The dispersion value, if unspecified, is taken from obj. If obj represents the fit under the null hypothesis (no changepoint), the dispersion parameter estimate will be usually larger, leading to a (potentially severe) loss of power.
The k evaluation points are k equally spaced values in the range of the segmented covariate. k should not be small.
Specific values can be set via values, although I have found no important difference due to number and location of the evaluation points, thus default is k=10 equally-spaced points. However, when the possible breakpoint is believed to lie into a specified narrower range, the user can specify k values in that range leading to higher power in detecting it, i.e. typically lower p-value.

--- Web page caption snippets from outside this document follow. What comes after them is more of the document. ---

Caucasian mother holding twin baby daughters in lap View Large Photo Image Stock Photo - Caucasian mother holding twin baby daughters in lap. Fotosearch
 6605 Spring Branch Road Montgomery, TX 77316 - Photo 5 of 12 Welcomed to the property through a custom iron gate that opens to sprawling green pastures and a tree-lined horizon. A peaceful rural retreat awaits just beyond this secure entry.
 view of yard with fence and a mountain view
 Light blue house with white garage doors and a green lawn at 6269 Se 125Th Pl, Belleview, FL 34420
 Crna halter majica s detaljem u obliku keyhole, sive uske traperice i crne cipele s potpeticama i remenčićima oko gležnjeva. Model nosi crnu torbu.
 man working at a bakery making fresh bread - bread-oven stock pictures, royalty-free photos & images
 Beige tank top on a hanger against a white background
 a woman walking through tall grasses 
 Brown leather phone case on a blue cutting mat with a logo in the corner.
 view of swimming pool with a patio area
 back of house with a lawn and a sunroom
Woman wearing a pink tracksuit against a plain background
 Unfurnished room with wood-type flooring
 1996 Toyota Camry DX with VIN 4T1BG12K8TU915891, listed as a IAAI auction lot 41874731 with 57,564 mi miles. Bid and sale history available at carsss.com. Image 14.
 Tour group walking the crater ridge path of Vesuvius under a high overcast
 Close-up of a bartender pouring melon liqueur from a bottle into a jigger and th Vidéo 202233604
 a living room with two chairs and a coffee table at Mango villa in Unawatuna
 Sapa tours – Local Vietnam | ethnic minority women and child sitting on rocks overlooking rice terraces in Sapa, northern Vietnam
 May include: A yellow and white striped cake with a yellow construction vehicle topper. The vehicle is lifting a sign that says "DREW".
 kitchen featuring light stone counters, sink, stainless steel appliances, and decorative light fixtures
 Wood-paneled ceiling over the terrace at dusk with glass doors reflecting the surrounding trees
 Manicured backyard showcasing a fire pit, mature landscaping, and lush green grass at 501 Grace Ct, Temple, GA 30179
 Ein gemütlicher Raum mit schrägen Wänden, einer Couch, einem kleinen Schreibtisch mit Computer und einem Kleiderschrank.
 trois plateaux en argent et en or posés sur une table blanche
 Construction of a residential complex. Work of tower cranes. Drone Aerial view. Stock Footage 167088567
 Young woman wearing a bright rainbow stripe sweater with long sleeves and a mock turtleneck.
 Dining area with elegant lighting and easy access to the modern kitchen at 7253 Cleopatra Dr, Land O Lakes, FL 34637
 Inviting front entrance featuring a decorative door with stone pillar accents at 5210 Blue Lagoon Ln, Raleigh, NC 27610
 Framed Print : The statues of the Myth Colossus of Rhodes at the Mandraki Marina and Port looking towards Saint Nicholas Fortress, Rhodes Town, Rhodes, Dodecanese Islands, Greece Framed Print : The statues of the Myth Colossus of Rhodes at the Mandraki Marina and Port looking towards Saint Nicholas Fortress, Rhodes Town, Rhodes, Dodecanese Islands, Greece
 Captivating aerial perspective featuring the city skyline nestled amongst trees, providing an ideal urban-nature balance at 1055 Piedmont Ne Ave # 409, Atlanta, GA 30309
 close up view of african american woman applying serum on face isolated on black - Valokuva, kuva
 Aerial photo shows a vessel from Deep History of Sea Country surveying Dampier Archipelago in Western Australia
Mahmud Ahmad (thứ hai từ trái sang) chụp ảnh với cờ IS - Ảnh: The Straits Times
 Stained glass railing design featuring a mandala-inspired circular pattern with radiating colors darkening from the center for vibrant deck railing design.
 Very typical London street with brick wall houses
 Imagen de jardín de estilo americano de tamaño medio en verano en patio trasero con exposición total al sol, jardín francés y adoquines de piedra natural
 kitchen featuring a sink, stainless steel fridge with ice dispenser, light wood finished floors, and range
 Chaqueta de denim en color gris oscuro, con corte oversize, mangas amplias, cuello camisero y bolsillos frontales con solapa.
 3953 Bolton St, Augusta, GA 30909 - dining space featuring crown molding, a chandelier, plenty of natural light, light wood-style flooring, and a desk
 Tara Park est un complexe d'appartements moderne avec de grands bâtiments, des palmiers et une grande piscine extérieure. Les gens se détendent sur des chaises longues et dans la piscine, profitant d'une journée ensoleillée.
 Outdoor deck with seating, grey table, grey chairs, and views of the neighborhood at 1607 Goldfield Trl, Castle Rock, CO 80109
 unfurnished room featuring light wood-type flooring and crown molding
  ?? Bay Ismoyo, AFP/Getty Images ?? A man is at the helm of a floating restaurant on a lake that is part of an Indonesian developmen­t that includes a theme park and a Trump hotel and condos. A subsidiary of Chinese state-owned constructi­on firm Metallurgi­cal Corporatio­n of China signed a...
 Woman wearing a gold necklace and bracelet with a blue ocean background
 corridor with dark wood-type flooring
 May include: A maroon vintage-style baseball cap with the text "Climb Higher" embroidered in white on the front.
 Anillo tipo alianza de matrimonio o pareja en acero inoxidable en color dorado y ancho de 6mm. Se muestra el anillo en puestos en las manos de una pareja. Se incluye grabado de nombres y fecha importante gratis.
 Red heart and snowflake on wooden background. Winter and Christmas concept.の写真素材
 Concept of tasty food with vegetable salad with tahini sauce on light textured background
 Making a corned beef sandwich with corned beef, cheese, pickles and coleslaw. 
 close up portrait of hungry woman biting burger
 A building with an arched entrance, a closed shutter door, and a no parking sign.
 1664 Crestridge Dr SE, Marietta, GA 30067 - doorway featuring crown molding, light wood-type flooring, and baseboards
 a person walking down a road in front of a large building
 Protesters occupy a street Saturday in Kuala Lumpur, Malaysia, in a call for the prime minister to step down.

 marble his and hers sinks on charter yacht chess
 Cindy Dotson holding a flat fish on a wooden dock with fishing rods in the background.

If obj is a (segmented) lm object, the returned p-value comes from the t-distribution with appropriate degrees of freedom. Otherwise, namely if obj is a (segmented) glm object, the p-value is computed wrt the Normal distribution.
Value
A list with class 'htest' containing the following components:
method |
title (character) |
data.name |
the regression model and the segmented variable being tested |
statistic |
the empirical value of the statistic |
parameter |
number of evaluation points |
p.value |
the p-value |
process |
the alternative hypothesis set |
Author(s)
Vito M.R. Muggeo
References
Muggeo, V.M.R. (2016) Testing with a nuisance parameter present only under the alternative: a score-based approach with application to segmented modelling. J of Statistical Computation and Simulation, 86, 3059–3067.
See Also
See also davies.test.
Examples
## Not run:
set.seed(20)
z<-runif(100)
x<-rnorm(100,2)
y<-2+10*pmax(z-.5,0)+rnorm(100,0,3)
o<-lm(y~z+x)
#testing for one changepoint
#use the simple null fit
pscore.test(o,~z) #compare with davies.test(o,~z)..
#use the segmented fit
os<-segmented(o, ~z)
pscore.test(os,~z) #smaller p-value, as it uses the dispersion under the alternative (from 'os')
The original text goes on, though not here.